2. OCR is automating data collection with the launch of a portal to support audits and investigations going forward.
We have been hearing about this portal for months, but no one has really examined or explored the impact to the industry that this automation may bring. Let’s think this one through. With automation will come scale – the ability for OCR to audit more organizations and to dig deeper in its data collection. With automation SHOULD come efficiency, but there is still a human process at work here. But let’s just say, in the best case, efficiencies are realized. Audits and investigations should be completed in shorter timelines translating into swifter action on the part of OCR to render its findings.

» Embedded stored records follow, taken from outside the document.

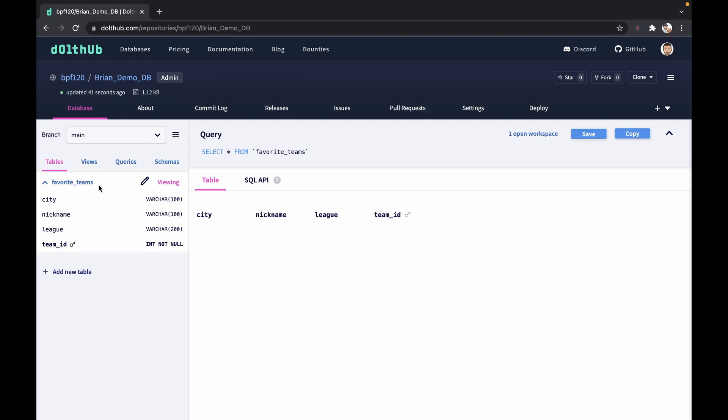And we're going to go and start adding actual data in here. So next time that we come back, we're going to take a look at the different ways that you can get data into this table online. Thanks a lot.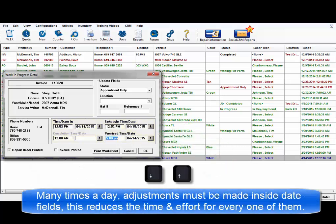There are many times in a day that adjustments must be made in a date field. Knowing this reduces the time and effort required for every one of those instances.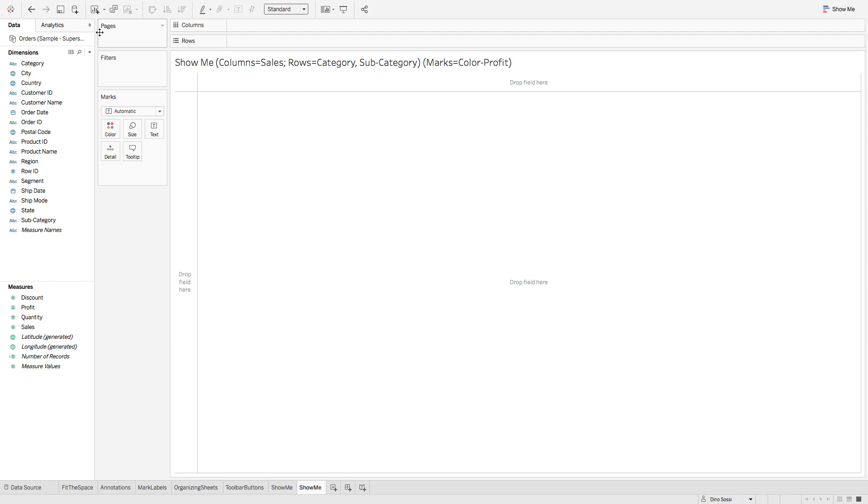Deciding which chart type or graph you're going to show can be really confusing. Luckily, Tableau has over here on the far right, Show Me.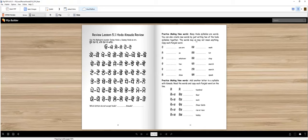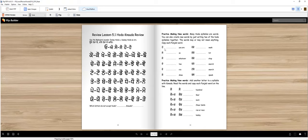Then let's practice making new words. Many of the hooda syllables are words. You can also create new words by just adding two of the hooda syllables together or another letter together. Ho means you are. Tusi kaun ho? Tusi kitte ho? And later for homework you'll copy the words here.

If organizations want to ready themselves by adopting the posture “it won’t happen to us” based on the number of surveys that OCR says it will send to trigger Phase 2, that is certainly one way to play. But the portal, provided it performs to expectations, could allow OCR to scale quickly and increase the number of audits it can initiate substantially. Hiding behind the probabilities of non-selection is a probably not a good strategy, and thankfully, we hear this less and less through our travels and conversations. The appetite and commitment to vigilance, to a security posture and practices that truly support data protection in the context of healthcare operations, is much more prevalent.
The point here, and the seed that we want to plant, is that with automation, OCR will likely have the means to do more – accomplish more – with its enforcement agenda and mandate. And what of the ONC and OIG with respect to the Meaningful Use Audit Program? Is it reasonable to assume that we can expect to see the same path pursued?
For risk managers, audit executives, compliance leaders, and privacy/security stewards – continue to connect the dots between this expanding enforcement agenda and your enterprise’s performance for your executive leadership and boards. Continue to raise the bar on data protection program performance and the culture of compliance that we know we need to have in place. Examine what the potential impact of a more far-reaching enforcement program means and how it can compel action in your organization to move the needle on your data protection, risk management and compliance programs.